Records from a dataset
*** Block opens ***

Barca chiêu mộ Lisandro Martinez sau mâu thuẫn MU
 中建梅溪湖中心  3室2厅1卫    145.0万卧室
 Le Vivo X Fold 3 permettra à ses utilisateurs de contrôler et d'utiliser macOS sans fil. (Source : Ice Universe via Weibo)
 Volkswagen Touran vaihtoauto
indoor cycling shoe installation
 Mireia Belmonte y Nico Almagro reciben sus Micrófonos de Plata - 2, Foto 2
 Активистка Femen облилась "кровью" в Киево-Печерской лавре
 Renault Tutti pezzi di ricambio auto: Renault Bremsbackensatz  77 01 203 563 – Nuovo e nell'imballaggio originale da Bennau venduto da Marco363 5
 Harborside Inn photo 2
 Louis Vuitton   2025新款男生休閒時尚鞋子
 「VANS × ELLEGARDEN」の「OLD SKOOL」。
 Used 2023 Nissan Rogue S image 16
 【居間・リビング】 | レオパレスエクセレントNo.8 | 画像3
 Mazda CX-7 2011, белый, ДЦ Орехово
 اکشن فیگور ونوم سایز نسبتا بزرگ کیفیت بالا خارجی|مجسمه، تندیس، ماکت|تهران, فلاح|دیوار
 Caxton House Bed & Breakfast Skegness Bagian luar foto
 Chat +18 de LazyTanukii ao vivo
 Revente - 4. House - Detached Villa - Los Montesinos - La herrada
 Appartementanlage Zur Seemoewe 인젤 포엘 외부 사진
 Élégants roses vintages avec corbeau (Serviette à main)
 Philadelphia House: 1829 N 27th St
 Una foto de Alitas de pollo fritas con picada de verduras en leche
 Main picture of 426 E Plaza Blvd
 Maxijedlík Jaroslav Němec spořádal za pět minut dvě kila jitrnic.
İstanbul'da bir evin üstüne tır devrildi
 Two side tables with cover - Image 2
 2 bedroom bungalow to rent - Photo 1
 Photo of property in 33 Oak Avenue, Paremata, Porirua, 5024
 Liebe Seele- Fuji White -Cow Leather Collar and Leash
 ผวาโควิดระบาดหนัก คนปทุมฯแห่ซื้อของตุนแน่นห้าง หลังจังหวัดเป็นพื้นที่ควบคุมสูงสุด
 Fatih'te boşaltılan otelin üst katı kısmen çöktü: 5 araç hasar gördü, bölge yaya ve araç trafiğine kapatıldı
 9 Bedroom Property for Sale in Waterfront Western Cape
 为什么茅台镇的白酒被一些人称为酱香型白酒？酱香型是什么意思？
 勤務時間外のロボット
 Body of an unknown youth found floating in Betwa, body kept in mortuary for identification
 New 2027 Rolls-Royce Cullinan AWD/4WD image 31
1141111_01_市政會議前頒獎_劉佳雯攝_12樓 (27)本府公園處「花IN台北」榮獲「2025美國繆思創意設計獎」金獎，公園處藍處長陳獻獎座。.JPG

*** Block closes ***

TASK>
Reproduce every line above that contains the string "House".

SOLUTION FOR THIS PROBLEM>
 Caxton House Bed & Breakfast Skegness Bagian luar foto
 Revente - 4. House - Detached Villa - Los Montesinos - La herrada
 Philadelphia House: 1829 N 27th St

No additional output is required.